#### [Directions for this task]
Can you quote, word for word, every line from the first line of the records below through the line containing "Pop Culture Font: A", and nothing else?

(Brief descriptive captions)
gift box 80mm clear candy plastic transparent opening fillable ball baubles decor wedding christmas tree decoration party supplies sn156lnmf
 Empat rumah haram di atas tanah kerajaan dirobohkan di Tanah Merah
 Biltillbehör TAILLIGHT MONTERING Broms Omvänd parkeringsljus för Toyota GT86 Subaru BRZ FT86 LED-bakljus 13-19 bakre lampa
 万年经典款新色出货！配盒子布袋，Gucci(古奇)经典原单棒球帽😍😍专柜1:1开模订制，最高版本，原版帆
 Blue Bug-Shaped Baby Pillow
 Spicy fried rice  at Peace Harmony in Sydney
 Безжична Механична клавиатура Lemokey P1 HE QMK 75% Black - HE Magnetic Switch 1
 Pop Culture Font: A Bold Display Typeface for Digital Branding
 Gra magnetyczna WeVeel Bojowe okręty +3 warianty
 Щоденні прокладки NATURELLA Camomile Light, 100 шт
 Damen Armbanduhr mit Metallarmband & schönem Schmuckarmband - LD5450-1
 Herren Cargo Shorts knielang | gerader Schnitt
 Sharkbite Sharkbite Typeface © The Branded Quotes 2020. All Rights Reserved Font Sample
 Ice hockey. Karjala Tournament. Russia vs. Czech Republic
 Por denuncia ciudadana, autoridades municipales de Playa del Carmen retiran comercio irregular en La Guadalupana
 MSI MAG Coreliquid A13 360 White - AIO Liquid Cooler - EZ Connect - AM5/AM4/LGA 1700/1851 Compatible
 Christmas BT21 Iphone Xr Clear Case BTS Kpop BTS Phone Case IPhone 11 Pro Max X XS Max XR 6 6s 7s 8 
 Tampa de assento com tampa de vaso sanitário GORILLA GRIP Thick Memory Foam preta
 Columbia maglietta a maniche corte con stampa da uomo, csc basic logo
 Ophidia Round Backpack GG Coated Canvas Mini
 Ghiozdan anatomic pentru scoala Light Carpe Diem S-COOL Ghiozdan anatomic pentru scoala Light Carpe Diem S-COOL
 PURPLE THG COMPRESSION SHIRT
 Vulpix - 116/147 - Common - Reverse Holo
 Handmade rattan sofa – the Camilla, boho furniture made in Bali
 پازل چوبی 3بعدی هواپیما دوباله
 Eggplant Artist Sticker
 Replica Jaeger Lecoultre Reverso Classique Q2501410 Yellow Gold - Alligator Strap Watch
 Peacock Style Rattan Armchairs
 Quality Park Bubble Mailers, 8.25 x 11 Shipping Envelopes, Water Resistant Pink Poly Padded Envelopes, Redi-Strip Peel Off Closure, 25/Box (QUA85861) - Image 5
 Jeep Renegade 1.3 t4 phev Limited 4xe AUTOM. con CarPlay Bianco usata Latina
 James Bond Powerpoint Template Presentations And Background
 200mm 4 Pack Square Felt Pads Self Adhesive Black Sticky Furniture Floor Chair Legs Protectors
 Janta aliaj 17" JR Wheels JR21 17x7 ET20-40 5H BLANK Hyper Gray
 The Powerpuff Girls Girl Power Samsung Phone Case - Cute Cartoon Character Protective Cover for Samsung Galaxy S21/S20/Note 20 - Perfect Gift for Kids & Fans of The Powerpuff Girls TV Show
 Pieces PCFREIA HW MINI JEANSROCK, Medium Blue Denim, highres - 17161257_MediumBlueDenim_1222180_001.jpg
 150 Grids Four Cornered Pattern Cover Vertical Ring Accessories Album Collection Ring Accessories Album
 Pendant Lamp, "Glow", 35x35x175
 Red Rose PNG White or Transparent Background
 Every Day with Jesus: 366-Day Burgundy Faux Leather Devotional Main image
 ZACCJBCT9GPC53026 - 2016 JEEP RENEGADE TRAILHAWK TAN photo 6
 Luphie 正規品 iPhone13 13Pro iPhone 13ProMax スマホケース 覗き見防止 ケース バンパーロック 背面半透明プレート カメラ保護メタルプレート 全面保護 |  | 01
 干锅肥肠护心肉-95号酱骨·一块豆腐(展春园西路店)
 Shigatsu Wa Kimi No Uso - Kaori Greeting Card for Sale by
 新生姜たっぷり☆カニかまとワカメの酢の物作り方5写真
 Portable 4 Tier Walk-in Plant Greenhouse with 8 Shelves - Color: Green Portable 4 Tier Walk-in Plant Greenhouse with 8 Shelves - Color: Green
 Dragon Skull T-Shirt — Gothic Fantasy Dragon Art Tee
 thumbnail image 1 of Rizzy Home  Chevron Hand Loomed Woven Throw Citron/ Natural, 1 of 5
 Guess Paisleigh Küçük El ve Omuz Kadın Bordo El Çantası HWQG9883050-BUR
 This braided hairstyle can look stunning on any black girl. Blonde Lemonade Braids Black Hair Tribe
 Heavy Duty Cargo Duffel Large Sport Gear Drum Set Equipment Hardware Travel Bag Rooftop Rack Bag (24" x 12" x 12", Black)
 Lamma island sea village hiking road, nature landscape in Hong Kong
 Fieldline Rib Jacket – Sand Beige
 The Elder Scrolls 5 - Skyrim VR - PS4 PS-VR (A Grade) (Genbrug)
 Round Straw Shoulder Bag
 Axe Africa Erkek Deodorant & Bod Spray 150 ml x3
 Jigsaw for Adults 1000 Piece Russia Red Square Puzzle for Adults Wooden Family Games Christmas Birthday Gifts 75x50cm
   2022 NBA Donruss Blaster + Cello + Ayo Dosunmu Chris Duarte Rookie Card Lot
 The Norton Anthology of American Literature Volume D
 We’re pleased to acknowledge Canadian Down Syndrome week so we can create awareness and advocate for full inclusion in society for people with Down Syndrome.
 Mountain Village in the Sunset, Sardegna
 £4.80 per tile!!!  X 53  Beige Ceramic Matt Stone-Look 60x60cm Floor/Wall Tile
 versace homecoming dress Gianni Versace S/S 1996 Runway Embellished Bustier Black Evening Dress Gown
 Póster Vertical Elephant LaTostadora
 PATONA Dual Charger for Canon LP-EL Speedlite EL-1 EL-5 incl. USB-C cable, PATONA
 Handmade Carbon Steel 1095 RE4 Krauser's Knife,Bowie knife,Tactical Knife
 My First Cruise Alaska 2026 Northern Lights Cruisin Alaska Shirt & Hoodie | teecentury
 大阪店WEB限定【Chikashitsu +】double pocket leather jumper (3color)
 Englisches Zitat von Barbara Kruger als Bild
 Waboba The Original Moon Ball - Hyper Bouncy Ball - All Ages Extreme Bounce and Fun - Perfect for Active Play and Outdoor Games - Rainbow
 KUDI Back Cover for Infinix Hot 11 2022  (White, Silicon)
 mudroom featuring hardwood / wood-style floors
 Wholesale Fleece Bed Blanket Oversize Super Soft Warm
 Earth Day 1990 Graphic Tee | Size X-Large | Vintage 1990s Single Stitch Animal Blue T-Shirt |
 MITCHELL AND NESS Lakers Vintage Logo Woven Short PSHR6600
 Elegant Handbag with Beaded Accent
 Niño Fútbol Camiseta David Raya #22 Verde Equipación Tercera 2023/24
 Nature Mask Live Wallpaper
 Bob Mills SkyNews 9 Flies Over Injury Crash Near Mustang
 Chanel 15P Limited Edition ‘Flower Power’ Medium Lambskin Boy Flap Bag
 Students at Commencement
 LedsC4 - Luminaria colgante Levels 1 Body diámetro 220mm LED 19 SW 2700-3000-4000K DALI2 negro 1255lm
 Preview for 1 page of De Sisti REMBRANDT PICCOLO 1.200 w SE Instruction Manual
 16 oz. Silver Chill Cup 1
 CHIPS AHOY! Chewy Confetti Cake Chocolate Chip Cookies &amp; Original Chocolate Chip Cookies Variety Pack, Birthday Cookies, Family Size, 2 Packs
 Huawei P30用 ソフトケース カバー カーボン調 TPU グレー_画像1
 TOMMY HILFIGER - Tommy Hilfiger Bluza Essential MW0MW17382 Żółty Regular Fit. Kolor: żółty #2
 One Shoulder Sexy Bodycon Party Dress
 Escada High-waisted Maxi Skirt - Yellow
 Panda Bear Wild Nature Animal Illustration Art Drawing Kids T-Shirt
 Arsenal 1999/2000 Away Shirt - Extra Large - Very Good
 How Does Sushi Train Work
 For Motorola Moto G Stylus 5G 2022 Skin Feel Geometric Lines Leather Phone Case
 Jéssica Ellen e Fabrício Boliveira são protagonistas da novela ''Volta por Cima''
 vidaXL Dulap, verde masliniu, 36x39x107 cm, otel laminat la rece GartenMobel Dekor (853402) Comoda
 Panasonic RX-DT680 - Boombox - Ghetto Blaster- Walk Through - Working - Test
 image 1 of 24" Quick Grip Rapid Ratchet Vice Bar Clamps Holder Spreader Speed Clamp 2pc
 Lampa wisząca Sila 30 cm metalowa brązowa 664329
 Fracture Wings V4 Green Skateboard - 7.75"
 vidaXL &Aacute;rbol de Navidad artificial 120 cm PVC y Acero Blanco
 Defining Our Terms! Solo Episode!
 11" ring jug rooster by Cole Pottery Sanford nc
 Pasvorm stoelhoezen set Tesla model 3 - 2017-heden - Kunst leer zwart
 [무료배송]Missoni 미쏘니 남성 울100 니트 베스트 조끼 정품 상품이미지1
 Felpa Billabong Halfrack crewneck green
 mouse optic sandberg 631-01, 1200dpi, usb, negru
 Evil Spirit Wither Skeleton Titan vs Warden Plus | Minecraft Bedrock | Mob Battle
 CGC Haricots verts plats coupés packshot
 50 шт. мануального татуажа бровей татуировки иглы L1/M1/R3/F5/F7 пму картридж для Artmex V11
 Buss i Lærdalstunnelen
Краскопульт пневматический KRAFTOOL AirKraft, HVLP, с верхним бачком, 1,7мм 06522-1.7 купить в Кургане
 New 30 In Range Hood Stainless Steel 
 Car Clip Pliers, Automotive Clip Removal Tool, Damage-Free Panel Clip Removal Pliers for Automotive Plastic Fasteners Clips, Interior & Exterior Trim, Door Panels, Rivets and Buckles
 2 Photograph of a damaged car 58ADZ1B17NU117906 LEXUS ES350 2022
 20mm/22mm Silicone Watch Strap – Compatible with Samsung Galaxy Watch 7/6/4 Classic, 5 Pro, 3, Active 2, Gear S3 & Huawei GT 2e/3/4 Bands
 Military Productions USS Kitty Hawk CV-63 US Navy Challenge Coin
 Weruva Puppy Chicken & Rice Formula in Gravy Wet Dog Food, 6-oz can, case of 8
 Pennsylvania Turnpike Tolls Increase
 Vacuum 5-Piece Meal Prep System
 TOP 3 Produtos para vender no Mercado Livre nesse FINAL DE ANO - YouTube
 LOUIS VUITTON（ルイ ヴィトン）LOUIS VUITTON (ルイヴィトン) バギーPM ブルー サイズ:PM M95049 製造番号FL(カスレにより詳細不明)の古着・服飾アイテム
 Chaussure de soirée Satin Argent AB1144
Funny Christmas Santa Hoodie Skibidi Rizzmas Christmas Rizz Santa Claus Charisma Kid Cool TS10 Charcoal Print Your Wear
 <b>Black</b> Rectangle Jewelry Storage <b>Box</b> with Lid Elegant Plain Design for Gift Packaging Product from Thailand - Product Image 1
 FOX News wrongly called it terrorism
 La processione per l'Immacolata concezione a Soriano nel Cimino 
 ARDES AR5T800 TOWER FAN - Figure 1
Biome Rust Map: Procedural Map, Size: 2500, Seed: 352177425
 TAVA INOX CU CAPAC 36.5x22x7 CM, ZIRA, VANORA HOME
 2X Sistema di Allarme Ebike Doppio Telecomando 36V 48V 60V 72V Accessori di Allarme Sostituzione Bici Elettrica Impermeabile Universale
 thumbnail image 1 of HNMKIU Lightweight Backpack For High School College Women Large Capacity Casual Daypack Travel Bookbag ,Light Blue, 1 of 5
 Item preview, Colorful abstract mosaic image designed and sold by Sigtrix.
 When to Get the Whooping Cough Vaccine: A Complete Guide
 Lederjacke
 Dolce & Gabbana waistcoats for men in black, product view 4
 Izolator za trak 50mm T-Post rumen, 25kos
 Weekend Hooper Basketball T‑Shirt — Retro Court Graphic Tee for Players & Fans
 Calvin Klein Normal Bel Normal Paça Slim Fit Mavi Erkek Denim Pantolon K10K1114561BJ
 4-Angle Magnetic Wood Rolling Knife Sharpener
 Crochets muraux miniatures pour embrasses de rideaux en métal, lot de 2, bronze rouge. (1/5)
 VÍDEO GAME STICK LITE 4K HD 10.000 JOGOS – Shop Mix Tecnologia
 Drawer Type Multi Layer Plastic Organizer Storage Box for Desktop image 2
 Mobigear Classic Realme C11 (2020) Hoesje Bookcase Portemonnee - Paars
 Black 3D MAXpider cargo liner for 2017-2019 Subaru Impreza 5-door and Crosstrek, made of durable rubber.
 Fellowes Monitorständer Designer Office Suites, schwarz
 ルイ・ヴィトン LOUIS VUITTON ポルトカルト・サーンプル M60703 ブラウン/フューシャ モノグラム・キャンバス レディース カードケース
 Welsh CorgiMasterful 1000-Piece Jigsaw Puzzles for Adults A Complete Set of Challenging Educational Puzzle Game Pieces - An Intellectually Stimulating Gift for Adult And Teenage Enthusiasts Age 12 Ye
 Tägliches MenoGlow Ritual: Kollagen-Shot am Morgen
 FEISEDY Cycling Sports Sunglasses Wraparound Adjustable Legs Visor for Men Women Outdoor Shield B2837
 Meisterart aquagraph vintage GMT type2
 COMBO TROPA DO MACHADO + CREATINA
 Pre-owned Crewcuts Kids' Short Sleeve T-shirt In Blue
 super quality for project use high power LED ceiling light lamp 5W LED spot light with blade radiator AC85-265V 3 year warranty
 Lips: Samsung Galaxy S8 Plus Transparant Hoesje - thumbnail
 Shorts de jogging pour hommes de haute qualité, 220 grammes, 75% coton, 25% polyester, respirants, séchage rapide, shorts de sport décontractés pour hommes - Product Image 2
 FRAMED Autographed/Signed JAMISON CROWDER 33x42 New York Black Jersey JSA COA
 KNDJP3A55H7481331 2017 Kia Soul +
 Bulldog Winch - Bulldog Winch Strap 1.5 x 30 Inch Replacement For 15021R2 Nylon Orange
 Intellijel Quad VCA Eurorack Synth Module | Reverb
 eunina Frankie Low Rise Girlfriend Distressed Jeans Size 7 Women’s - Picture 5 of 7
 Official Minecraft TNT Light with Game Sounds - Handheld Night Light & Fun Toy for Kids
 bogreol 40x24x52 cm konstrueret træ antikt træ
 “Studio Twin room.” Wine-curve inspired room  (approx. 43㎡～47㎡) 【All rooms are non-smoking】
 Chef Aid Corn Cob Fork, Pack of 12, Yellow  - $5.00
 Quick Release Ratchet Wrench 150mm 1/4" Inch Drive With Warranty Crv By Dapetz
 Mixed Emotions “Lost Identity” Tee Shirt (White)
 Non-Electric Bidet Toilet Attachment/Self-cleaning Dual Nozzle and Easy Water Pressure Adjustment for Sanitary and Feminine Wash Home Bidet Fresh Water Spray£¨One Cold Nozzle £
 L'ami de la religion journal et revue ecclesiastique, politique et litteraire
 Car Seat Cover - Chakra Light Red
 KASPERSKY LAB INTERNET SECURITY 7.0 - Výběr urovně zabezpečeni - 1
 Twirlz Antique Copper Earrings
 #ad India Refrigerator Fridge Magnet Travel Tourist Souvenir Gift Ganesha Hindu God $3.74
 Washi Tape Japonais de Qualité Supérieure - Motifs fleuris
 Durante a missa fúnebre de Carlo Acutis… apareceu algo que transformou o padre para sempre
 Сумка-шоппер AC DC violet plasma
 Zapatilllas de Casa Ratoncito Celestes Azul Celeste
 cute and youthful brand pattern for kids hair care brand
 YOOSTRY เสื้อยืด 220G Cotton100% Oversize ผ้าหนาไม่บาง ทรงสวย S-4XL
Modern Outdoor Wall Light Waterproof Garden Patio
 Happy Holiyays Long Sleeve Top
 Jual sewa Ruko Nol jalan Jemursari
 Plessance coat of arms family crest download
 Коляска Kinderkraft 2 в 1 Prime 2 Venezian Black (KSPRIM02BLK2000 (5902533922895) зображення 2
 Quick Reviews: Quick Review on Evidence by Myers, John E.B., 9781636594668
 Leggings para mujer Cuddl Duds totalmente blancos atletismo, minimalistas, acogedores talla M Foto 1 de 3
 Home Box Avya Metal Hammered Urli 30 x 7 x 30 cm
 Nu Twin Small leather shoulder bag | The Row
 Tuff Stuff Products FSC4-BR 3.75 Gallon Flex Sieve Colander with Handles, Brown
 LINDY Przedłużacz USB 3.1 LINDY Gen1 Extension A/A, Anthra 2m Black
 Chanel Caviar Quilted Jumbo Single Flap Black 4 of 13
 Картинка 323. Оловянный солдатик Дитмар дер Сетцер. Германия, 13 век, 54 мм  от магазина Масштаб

#### [Result of the task]
gift box 80mm clear candy plastic transparent opening fillable ball baubles decor wedding christmas tree decoration party supplies sn156lnmf
 Empat rumah haram di atas tanah kerajaan dirobohkan di Tanah Merah
 Biltillbehör TAILLIGHT MONTERING Broms Omvänd parkeringsljus för Toyota GT86 Subaru BRZ FT86 LED-bakljus 13-19 bakre lampa
 万年经典款新色出货！配盒子布袋，Gucci(古奇)经典原单棒球帽😍😍专柜1:1开模订制，最高版本，原版帆
 Blue Bug-Shaped Baby Pillow
 Spicy fried rice  at Peace Harmony in Sydney
 Безжична Механична клавиатура Lemokey P1 HE QMK 75% Black - HE Magnetic Switch 1
 Pop Culture Font: A Bold Display Typeface for Digital Branding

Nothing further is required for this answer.